*** Self-adaptive Executors for Big Data Processing ***


Authors: Sobhan Omranian Khorasani, Jan S. Rellermeyer, Dick Epema
Distributed Systems Group
Delft University of Technology



***General Introduction***

This dataset contains the measurements obtained with Apache Spark using different strategies for adapting the number of executor threads to reduce I/O contention. The two main strategies explored are a static solution (number of executor threads for I/O intensive tasks pre-determined) and a dynamic solution that employs an active control loop to measure epoll_wait time.

This data was collected running our enhanced version of Spark on OpenJDK 8 in different settings on the DAS-5 cluster. A complete description of the experimental setup can be found in our ACM/IFIP Middleware 2019 paper "Self-adaptive Executors for Big Data Processing". The source code and the scripts for executing the experiments are available on: https://github.com/SobhanOmranian/spark-dca



***Purpose of the Experiments***
The purpose of the experiments is to show that reducing the executor thread count for I/O-intensive phases of the big data workload yields better performance due to the reduction of I/O contention.



***Overview of Files and Description of the Data***

Filename: figure1_experiment[io_wait_time].csv

Description: This experiment shows the amount of IO wait time and CPU utilization in each stage of the application.

Header:
•	appName: name of the application
•	stage: a number representing the stage of the application
•	usr: the percentage of CPU utilization that occurred while executing at the user level (application).
•	nice: the percentage of CPU utilization that occurred while executing at the user level with nice priority.
•	sys: the percentage of CPU utilization that occurred while executing at the system level (kernel).
•	iowait: the percentage of time that the CPU or CPUs were idle during which the system had an outstanding disk I/O request.
•	irq: the percentage of time spent by the CPU or CPUs to service hardware interrupts.
•	soft: show the percentage of time spent by the CPU or CPUs to service software interrupts.
•	steal: the percentage of time spent in involuntary wait by the virtual CPU or CPUs while the hypervisor was servicing another virtual processor.
•	gnice: the percentage of time spent by the CPU or CPUs to run a niced guest.
•	idle: the percentage of time that the CPU or CPUs were idle and the system did not have an outstanding disk I/O request.
•	duration: time taken for a given stage to complete. (unit: millisecond)

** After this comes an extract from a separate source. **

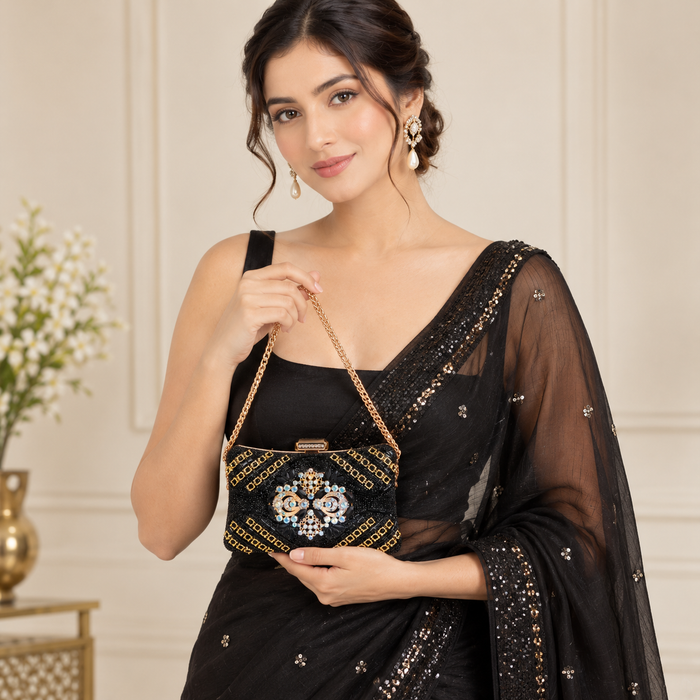 Black Shine Clutch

Filename: figure2_figure4_experiment[static_solution].csv

Description: This experiment shows the performance of static solution for different number of threads. The static solution infers the IO-intensive stages by examining the structure of the application and employs a user-defined value for the number of threads for such stages.

Header:
•	appName: name of the application.
•	stage: a number representing the stage of the application.
•	duration: time taken for a given stage to complete. (unit: millisecond)
•	usedCores: actual number of cores used by all the executors across the cluster.
•	totalCores: total number of available cores across all the executors in the cluster.
•	adaptive: which adaptivity method was selected (100 means the static solution) 
•	isIo: a boolean flag which indicates whether a given stage is considered as IO-intensive. (0 means non-IO stage and 1 means IO stage)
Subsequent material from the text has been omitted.